Monday, March 2, 2009

Circumflex Occlusion May be Subtle or Invisible on the ECG

Case 1

Below are 2 cases of circumflex or obtuse marginal (branch of circumflex) occlusions showing how subtle they may be:

A 52 y.o. male presents because he "thought he might be having a heart attack." He reports intermittent CP and SOB for 2-3 days. Pain worsened and became sharper after lifting a bookcase up the stairs. He continued to have worsening pain and diaphoresis, and associated left arm pain down to the fingers. Pt. reports MI in 2001 with a stent placed in the "marginal" artery. Pain is similar, but associated with less SOB. Exam is unremarkable. Here is the EKG at 1810:

There is subtle ST elevation in II, III, and aVF. It is not 1 mm. There is sublte reciprocal ST depression (but no T-wave inversion) in aVL, suggesting acute inferior MI.  There are also Q-waves in II, III, and aVF, but this may be due to a previous MI. There is no ST depression in the precordial leads, or significant ST elevation in the lateral leads, any of which would have supported the diagnosis of inferior MI. This is a non-diagnostic, but highly suggestive, ECG.

A repeat ECG 1 hour later is subtly changed, with some evolving T-wave inversion best seen in V5 and V6.

A stat echocardiogram would have helped to make this diagnosis and facilitate timely reperfusion. Angiography and PCI were undertake 8 hours after the initial ECG and showed a completely occluded OM-1. Echo revealed inferior-posterior wall motion abnormality and troponin peaked at 100!

It is not unusual for occlusions of the circumflex or its branches to show little on the ECG even though they represent a large amount of ischemic myocardium at risk for complete infarction. The circumflex territory is known as being "electrocardiographically silent".

How can you make the diagnosis? First, this patient had a known stent in the "marginal" artery and thought he was having a heart attack. In such a situation, when you know that the circumflex is the likely culprit artery, you may suspect that an MI will not be obvious on the ECG. In this case the ECG was very suspicious for MI, but not diagnostic. Therefore, additional diagnostic testing is warranted. Possibilities include: serial ECGs (which were done but still nondiagnostic), stat echocardiogram, or posterior ECG. Use of the PRIME ECG 80 lead body surface mapping shows great potential for improving diagnosis in such cases.

By definition, this is a non-STEMI because there is not 1 mm of ST elevation in 2 consecutive leads.
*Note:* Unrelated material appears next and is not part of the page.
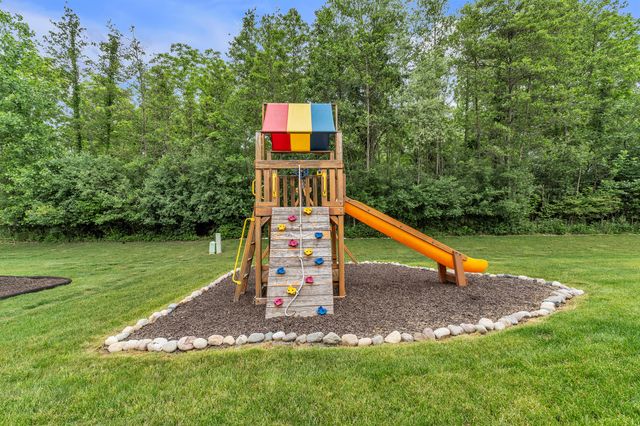 8377 Lindsey Lane, Canton Twp, MI 48187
However, ST elevation is only an imperfect surrogate for complete acute persistent occlusion of an epicardial coronary artery without collateral circulation. It is neither fully sensitive nor specific. Even though the patient's ECG did not meet criteria for STEMI, he had all the pathology of a STEMI.

Case 2

A 38 year old male with h/o smoking only c/o a few hours of severe substernal chest pain; he thinks he is having a heart attack. The pain is very nitroglycerine responsive. The first ECG with pain (unavailable) showed T wave flattening in V2 and V3. After resolution of pain with sublingual nitroglycerine, the second ECG was changed to near normal:

There are nondiagnostic T abnormalities in I and aVL, but little to suggest ischemia except that the precordial T waves are normalized. I was suspicious of LAD disease.

73 minutes later, the patient developed pain again:

The precordial T-waves are again flattened, without any other abnormality.
Nitroglycerine again eventually resolved the pain, and the following ECG was recorded at 2234:

Now the ECG is more normal appearing than ever.  In fact, the anterior T-waves are enlarged.
These T-waves represent reperfusion of the posterior wall, what I call "posterior reperfusion T-waves."   Click here for more such cases. 

The troponin returned at 0.81 ng/ml, so the patient was started on heparin and eptifibatide, in addition to IV nitroglycerine and Metoprolol (and, of course, aspirin).

His angiogram the next day revealed a 100% mid dominant circumflex occlusion that supplied the inferior and posterior walls. There was a large LAD that collaterally supplied some of the inferior wall. Echo showed an inferior-posterior wall motion abnormality. The troponin peaked at only 13, probably because of the collateral circulation from the LAD.

How could we have gotten him to angiography and PCI faster? Patients with objective evidence of acute coronary syndrome (positive troponin or ECG) AND uncontrollable pain should get emergent PCI even if they do not have ST elevation. This patient did become pain free on maximal medical therapy, so PCI was not indicated.

Fortunately, his MI was not large by biomarkers. Although he had a wall motion abnormality, this may go away over time.